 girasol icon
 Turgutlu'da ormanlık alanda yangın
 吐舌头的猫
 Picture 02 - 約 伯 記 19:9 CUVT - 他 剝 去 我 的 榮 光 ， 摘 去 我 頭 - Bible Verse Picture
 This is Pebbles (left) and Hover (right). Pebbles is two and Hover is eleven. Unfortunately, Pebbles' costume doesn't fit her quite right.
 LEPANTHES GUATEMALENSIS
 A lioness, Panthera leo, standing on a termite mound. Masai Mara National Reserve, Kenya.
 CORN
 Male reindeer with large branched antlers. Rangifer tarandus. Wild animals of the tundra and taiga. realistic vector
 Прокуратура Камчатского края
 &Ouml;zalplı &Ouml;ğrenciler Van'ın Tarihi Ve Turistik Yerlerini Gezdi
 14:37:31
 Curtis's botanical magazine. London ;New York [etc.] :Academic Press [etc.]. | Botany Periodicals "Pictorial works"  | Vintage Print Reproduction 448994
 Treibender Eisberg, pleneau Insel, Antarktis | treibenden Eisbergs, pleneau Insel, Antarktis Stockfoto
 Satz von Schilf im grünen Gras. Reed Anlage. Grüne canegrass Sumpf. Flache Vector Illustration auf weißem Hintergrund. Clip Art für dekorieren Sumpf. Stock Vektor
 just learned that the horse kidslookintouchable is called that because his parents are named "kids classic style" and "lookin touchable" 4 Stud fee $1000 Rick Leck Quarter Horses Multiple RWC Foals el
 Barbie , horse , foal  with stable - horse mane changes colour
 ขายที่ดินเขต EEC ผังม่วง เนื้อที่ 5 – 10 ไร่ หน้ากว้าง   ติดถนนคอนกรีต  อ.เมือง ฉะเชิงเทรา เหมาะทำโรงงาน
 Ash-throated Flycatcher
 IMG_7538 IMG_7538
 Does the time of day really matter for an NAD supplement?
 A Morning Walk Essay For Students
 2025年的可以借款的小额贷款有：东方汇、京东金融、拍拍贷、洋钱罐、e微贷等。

About this task. Find and copy each line above that includes the string "horse".

Answer section.
 just learned that the horse kidslookintouchable is called that because his parents are named "kids classic style" and "lookin touchable" 4 Stud fee $1000 Rick Leck Quarter Horses Multiple RWC Foals el
 Barbie , horse , foal  with stable - horse mane changes colour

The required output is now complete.